One reason why websites are short lived is because of a lack of understanding of their purpose. Do you want to present yourself? Your product? Sell stuff? Provide support for your customers? It’s important to define clearly which customer interactions your website should be able to handle.
Most websites are stuffed with content, and badly organized. Why is that? Because it’s easier to add everything that comes to your mind rather than asking the question, what are the essential bits? Those are the building blocks of your website, and if you get them about right from the beginning you don’t need to fight with your website for years.
Some parts such as the home or the about section are meant to stick around unchanged for a long time. Other sections are frequently updated — you want to publish up to date information there.
From my experience most problems can be solved with two kinds of pages:
Designed pages: You want to have a visually appealing presentation of your homepage, and your products and services. You want these pages to be visually distinct and very easy to consume. You’ll update these pages once or twice a year at most, e.g. when you launch a new product.

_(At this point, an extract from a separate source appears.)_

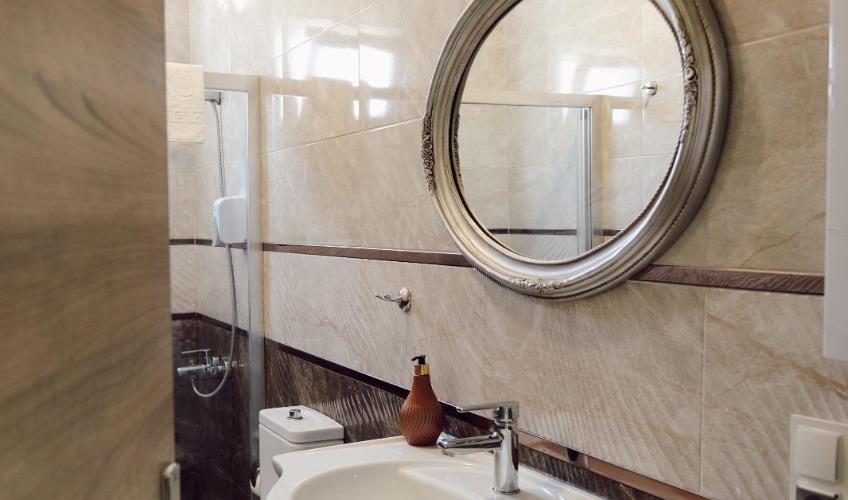 En fazla 3 yetişkin veya 2 yetişkin + 1 çocuk.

Articles: Most web pages out there can be represented as an article. You can give an article a title, and use headings to structure it and add images and videos to support the content. However, you don’t have much freedom for styling here. But that’s totally fine. These pages are meant to be practical and tell a story or provide information to the visitor.
This is a must in my opinion. Even if you are a designer yourself, please resist the temptation to do the design yourself. The reason is that you have a tunnel vision on your project/venture. You’ll likely come up with text and visuals that nobody except yourself will easily understand. Hiring an experienced designer with a neutral view on your project is one of the best investments you can make. A good designer can deliver you a visual framework for your website, including colors and typography along with a number of design elements, which you can reuse in different places. Invest into 20-50 initial design hours. If they did a good job, he’ll provided you with a flexible visual framework and you’ll only need them occasionally for feedback and smaller additions when necessary.
The advantages of a custom-tailored site are obvious. It’s easy to perfectly execute the design. And most importantly a custom website only includes exactly what you need. Hence your site will be blazing fast and only store the minimal amount of data needed.
For comparison a Wordpress instance may store thousands of records in hundreds of database tables. With a custom website you’ll probably need less than a dozen database tables, tailored to fit your data.